Macquarie (MQG) expects the U.S. Senate’s crypto push to accelerate, as recent closed-door discussions between Democrats and Republicans on a compromise market structure bill mark a significant step toward a bipartisan deal, the investment bank said in a report last week.
The bank touted a Dec. 8 meeting of Democratic negotiators, including Senators Kirsten Gillibrand, Mark Warner and Ruben Gallego, and a separate meeting between senators and Wall Street executives such as Jane Fraser of Citigroup (C), Brian Moynihan of Bank of America (BAC) and Charlie Scharf of Wells Fargo (WFC) as evidence that lawmakers are moving closer to a deal that could shape the next phase of U.S. digital asset legislation.
The Senate’s compromise efforts on a market structure bill are seen as a “material catalyst for the U.S. crypto ecosystem,” analysts led by Paul Golding wrote.

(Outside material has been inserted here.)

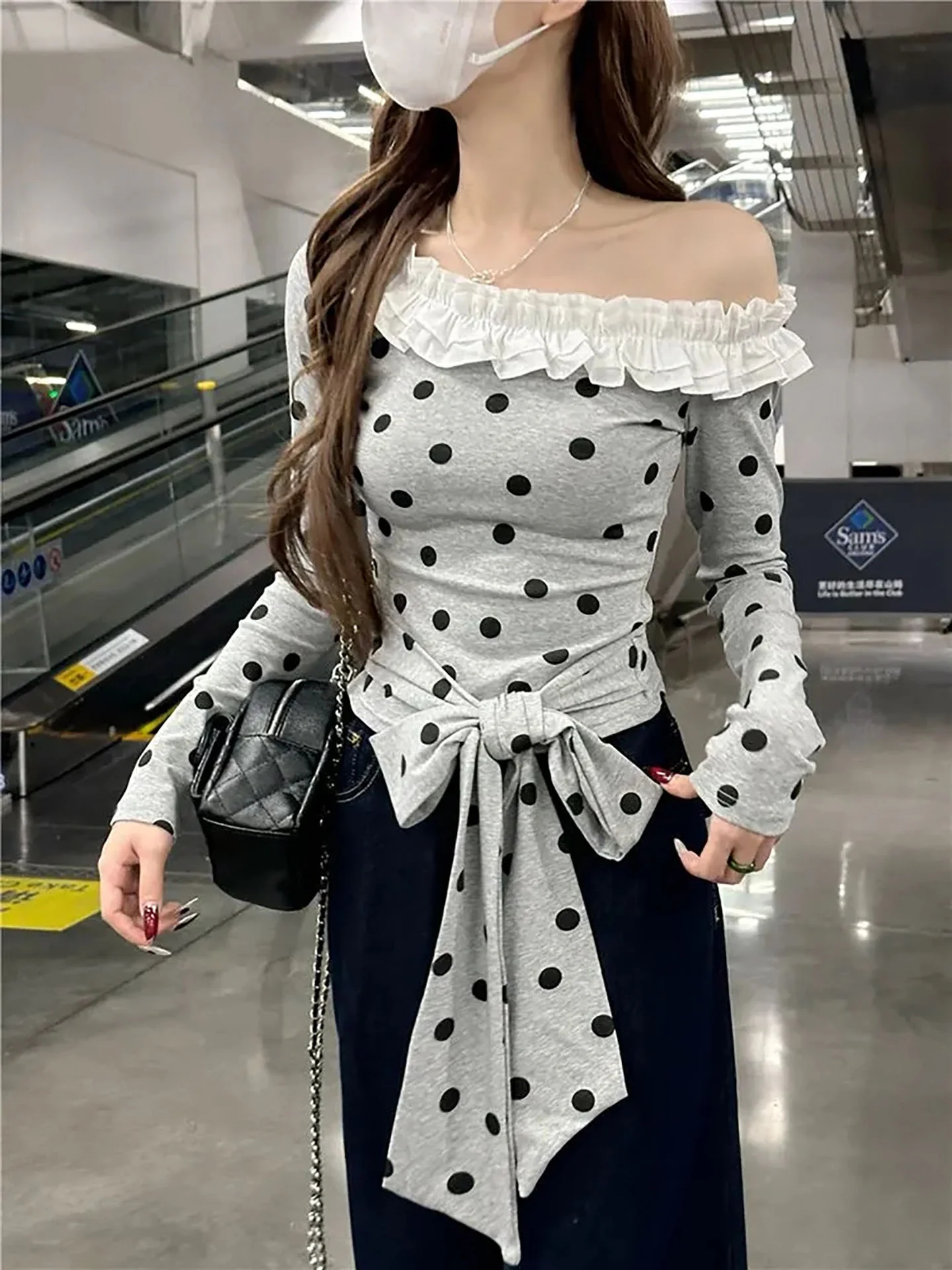 

Новая летняя женская футболка в горошек с завязками на талии, модный корейский стиль, топ с длинными рукавами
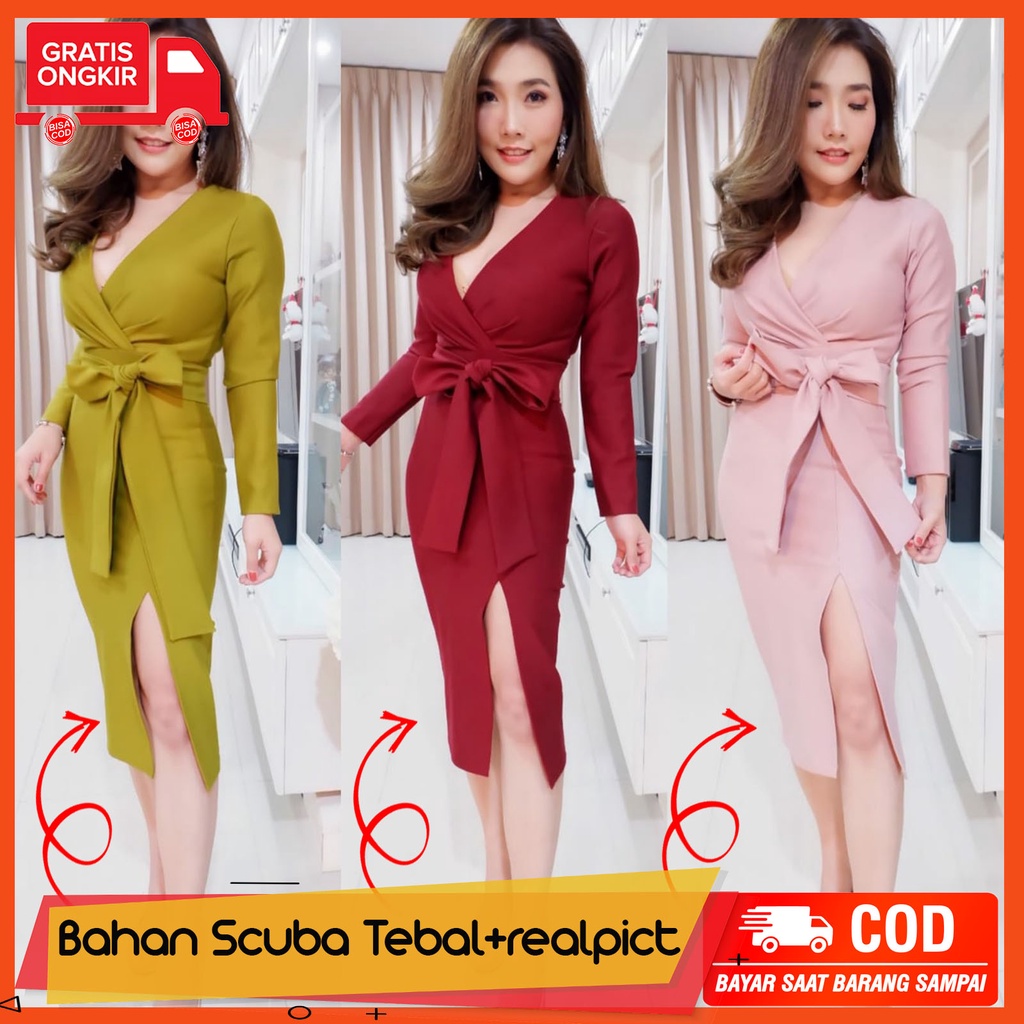 933 Dress Pesta Imlek Natal Tahun Baru kekinian Model Office Kantor - Gaun Midi Wanita Dewasa Baju S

The bank noted that the Senate Agriculture Committee has already released a bipartisan plan that would give the Commodity Futures Trading Commission (CFTC) additional authority over digital products, accompanying the Senate Banking Committee’s Responsible Financial Innovation Act of 2025, which outlines the Securities and Exchange Commission’s (SEC) approach to digital or “ancillary assets.”
Analysts expect the Agriculture Committee’s bill to be revised upwards in early 2026 and bring its bill closer to that of the Senate Banking Committee.
At the same time, analysts have reported that federal agencies are close to rolling out rules to implement the GENIUS Act.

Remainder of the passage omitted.